These lines were the most powerful words that struck me in the whole novel. They gave me a whole new world of perspective. For the first time in my life, I pondered what it meant to be a human and about our standards of being one. Would all our morals and patterns matter in a dystopian world? I thought the human experience would be quite hollow without today’s conditions of well-being. This brought me to another question. “Is this the moral state of people in extreme poverty, with no hope, filled with loneliness and confusion?
This question widened my focus on people who are the same as me but just unfortunate. I’ve always thought of these people as if they lived in a different world, but these passages have brought me to realization that this failure of patterns and moral standards could happen to anybody.
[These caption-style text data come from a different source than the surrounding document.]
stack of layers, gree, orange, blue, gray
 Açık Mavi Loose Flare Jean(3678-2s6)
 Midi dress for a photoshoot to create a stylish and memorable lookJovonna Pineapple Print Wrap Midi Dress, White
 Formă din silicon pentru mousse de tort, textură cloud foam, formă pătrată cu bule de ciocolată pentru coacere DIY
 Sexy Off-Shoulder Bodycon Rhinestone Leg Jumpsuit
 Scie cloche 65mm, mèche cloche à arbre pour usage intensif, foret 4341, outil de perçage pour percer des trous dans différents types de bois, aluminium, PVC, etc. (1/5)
Why did God make so much more unfortunate people? Why is everyone only knowledgeable to these people who may be going through a totally frightening world where their aims and moral standards have diminished? These questions went through my head as I read this passage. I believe the “moral courage” to change is not only for those who must adapt but even for us. For us to be challenged by these people, to act upon our moral standard as we are fortunate enough to have them. Now I’ve put these ideas in writing and read them, these questions seem to shoot arrows at me too. I feel a need for change, a need to have moral courage. Everyone fortunate needs courage to get rid of the greedy ignorance of those who live in the same, but so vastly different world. That is what I believe is the hidden key in these passages to stop modern day dystopia for those living in a world we only imagine.

1 개의 댓글:

breaxion :

I didn't think of connecting the professor's words with the current events around the world. As you would find in my blog, I focused on the choice between logic and conscience. But now I wish I had connected the dots between global issues, such as poverty, and the professor's words. There is one thing which all of our blogs have in common though - if we don't change our ways now, we will soon walk down the road marked 'destruction'.